The material below holds a span beginning at the line with "sale cage - 6" and ending at the line with "One Way Jaipur". Quote that span exactly, both ends included, and only that span.

***

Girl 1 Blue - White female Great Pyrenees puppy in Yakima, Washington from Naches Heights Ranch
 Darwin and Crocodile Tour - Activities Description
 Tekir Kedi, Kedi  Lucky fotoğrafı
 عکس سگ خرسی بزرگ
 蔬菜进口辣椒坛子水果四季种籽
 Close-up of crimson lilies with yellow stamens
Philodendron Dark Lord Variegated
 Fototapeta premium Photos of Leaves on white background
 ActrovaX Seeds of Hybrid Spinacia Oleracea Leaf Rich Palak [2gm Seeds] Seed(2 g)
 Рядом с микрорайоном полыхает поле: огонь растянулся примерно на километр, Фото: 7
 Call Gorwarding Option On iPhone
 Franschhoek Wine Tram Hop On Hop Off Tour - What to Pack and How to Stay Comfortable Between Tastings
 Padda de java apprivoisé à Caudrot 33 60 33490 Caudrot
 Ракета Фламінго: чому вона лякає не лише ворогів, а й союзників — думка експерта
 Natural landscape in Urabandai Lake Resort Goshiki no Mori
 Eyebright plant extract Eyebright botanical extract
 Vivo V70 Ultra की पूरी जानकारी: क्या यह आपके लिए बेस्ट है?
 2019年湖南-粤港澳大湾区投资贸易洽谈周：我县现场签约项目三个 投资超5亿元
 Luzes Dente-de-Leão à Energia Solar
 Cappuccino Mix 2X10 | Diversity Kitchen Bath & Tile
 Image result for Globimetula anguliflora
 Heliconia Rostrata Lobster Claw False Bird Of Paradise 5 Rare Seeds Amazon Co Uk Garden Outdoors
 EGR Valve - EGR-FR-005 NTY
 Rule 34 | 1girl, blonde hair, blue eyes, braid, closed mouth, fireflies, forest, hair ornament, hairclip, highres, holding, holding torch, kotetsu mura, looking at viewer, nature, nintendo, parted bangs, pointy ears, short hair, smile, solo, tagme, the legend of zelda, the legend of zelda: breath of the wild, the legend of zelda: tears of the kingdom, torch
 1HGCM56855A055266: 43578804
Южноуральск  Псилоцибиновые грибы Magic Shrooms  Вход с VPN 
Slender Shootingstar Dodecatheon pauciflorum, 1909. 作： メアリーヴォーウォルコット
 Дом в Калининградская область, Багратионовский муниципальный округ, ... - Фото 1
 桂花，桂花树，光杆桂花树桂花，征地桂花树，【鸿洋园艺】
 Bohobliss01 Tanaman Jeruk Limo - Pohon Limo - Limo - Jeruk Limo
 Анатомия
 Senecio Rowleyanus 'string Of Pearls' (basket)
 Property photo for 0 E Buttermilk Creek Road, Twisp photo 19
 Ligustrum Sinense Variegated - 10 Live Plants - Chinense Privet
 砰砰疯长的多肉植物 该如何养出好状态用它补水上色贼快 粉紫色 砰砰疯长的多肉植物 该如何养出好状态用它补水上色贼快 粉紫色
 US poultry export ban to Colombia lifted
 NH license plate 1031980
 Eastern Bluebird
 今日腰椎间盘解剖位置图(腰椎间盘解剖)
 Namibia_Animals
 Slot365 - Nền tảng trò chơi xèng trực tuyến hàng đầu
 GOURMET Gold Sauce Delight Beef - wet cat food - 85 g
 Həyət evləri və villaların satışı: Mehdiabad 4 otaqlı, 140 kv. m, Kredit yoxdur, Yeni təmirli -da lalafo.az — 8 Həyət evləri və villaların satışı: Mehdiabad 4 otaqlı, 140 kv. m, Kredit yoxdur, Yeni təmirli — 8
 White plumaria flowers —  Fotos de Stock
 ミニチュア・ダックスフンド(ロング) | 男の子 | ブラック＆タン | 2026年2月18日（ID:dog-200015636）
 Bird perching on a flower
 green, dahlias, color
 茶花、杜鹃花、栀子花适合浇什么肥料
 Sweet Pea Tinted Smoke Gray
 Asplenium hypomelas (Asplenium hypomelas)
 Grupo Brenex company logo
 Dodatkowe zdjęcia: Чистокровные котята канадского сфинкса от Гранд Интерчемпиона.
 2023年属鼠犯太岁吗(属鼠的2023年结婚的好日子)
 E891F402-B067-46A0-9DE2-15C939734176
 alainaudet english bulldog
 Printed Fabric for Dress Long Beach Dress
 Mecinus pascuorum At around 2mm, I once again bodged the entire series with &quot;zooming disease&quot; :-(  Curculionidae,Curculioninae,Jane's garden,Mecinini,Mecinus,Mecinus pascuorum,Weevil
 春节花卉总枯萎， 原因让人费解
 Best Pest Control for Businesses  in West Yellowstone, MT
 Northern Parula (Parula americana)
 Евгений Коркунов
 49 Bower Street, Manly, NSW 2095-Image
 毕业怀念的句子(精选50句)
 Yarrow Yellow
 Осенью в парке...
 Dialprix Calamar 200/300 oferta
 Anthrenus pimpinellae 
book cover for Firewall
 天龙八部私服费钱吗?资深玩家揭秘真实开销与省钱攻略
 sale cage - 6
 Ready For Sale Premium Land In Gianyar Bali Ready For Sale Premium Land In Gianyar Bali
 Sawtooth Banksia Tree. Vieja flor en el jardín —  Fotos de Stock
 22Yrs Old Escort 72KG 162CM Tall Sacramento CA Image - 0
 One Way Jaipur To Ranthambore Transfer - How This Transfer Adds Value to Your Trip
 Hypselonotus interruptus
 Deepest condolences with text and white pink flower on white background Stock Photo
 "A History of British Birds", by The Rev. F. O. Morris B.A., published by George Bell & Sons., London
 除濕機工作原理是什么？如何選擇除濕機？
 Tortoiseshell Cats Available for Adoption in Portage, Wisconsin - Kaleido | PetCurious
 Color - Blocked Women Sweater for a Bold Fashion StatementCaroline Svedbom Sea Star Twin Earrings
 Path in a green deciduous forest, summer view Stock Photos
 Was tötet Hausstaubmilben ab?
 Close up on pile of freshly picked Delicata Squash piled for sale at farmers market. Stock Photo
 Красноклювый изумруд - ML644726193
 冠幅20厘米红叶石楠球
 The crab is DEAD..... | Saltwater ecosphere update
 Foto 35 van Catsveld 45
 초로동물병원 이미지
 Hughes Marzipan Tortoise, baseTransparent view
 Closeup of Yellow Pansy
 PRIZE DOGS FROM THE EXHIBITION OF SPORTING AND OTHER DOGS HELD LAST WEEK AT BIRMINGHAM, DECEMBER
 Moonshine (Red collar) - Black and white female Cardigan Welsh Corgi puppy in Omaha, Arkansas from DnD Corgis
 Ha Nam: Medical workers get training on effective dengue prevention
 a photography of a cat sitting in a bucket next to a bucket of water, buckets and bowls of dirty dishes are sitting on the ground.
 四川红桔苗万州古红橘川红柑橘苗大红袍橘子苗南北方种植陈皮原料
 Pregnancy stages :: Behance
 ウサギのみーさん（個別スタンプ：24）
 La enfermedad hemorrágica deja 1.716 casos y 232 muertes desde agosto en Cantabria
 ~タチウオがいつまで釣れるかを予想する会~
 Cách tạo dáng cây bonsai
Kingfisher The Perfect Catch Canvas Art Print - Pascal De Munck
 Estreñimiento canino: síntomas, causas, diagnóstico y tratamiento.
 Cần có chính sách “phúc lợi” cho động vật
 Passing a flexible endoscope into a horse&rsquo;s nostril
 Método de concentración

***

(RESPONSE BELOW)
 sale cage - 6
 Ready For Sale Premium Land In Gianyar Bali Ready For Sale Premium Land In Gianyar Bali
 Sawtooth Banksia Tree. Vieja flor en el jardín —  Fotos de Stock
 22Yrs Old Escort 72KG 162CM Tall Sacramento CA Image - 0
 One Way Jaipur To Ranthambore Transfer - How This Transfer Adds Value to Your Trip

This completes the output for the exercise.